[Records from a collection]
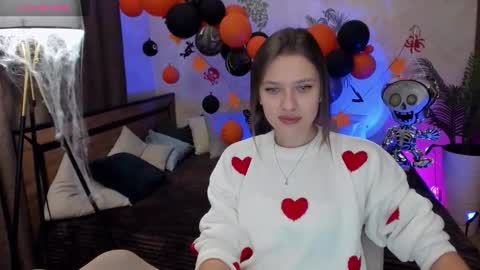 Snapshot of sheillatyler chatting on 11-03-25, 08:48 Alexis online show from 11-03-25, 08:48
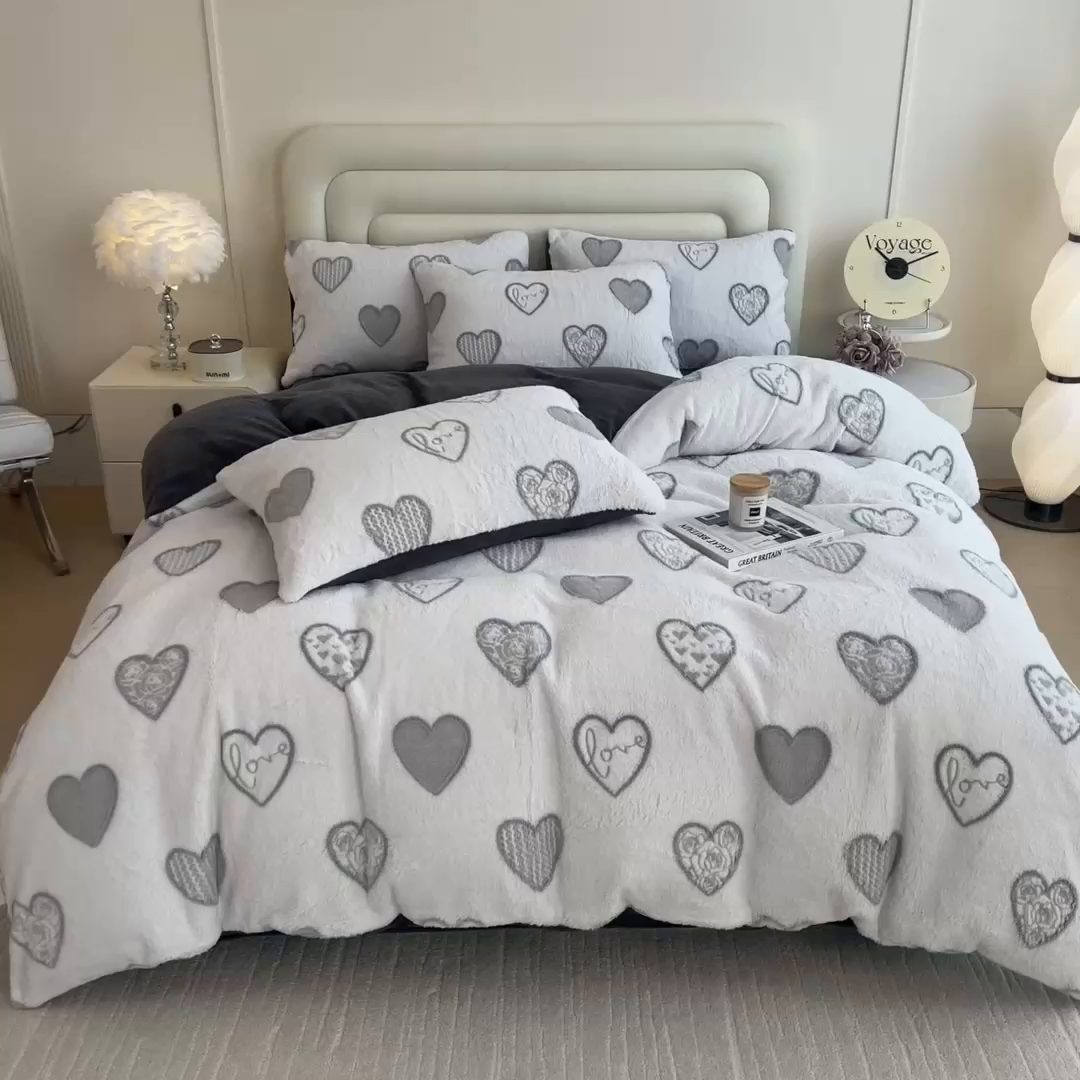91家纺网 家纺一手货源 找家纺 摩妮卡 2025新款A类加厚兔毛雕花牛奶绒四件套 爱情爱心-灰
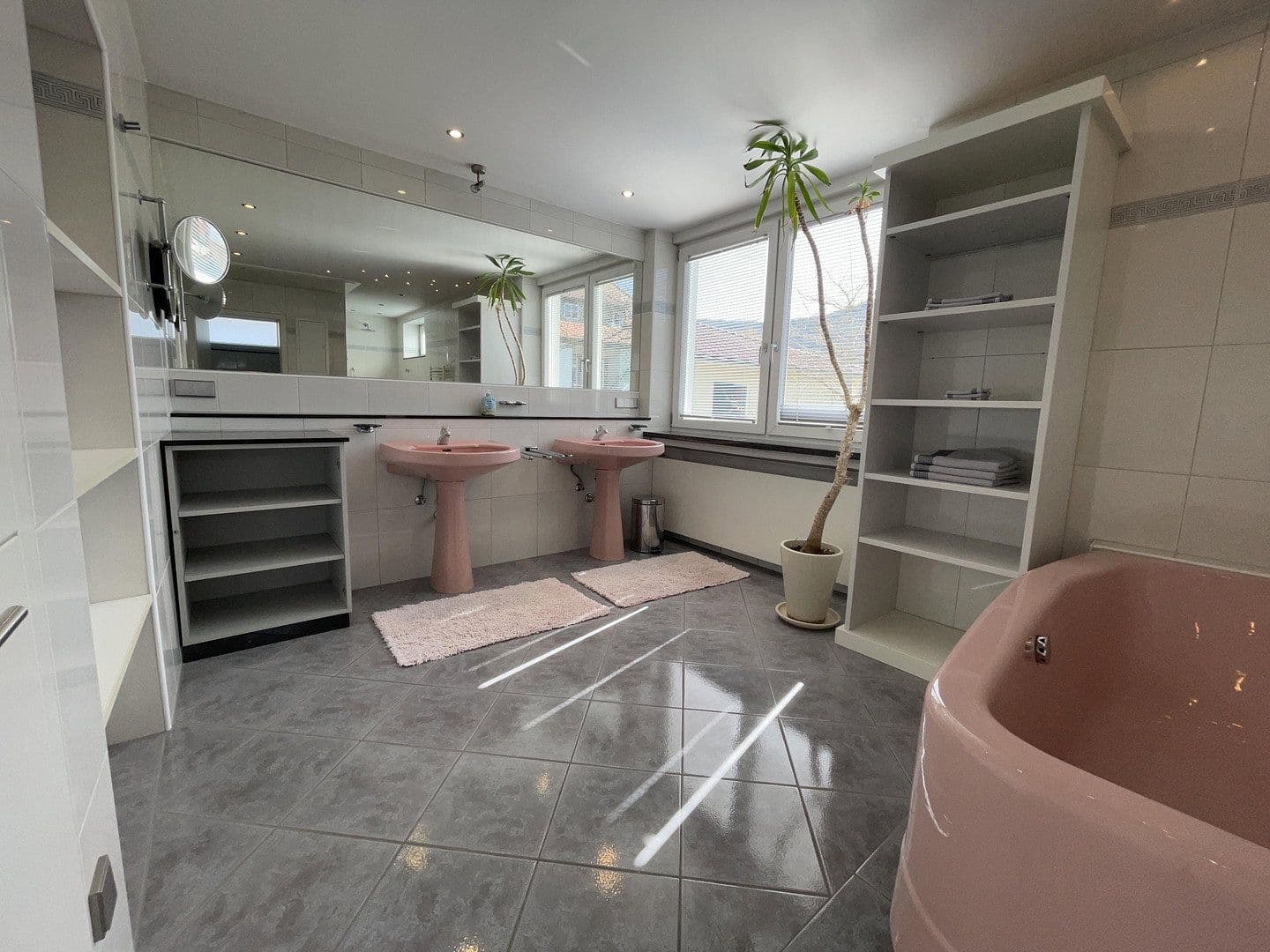 Prodej domu 310 m², pozemek 1.059 m², Miltenberg, Bavorsko Prodej domu 310 m², pozemek 1.059 m², Miltenberg, Bavorsko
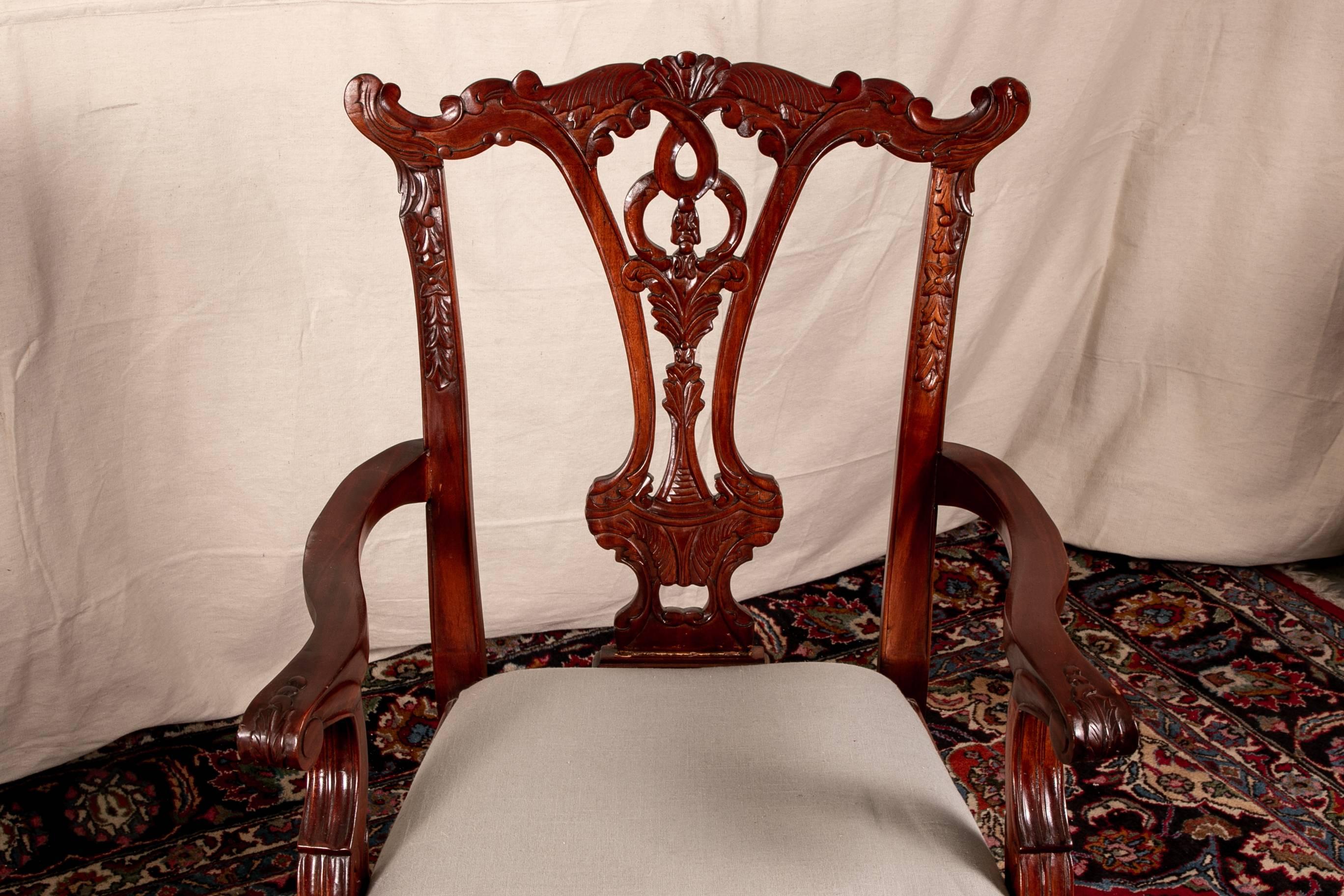 20th Century Set of Eight Georgian Style Carved Mahogany Dining Chairs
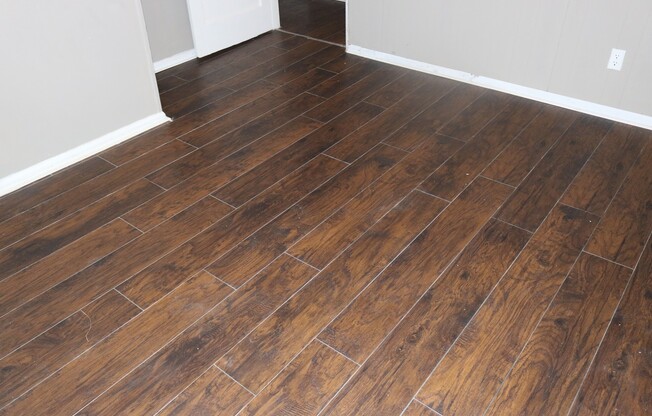 BEAUTIFUL HOME LOCATED CLOSE TO EVERYTHING WITH GARAGE!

◆ **PROBLEM TO WORK ON**
Nothing but the lines from the line containing "20th Century Set" through the last line of the records above should be written out, exactly and without the pictures.

◆ **TASK RESPONSE**
 20th Century Set of Eight Georgian Style Carved Mahogany Dining Chairs
 BEAUTIFUL HOME LOCATED CLOSE TO EVERYTHING WITH GARAGE!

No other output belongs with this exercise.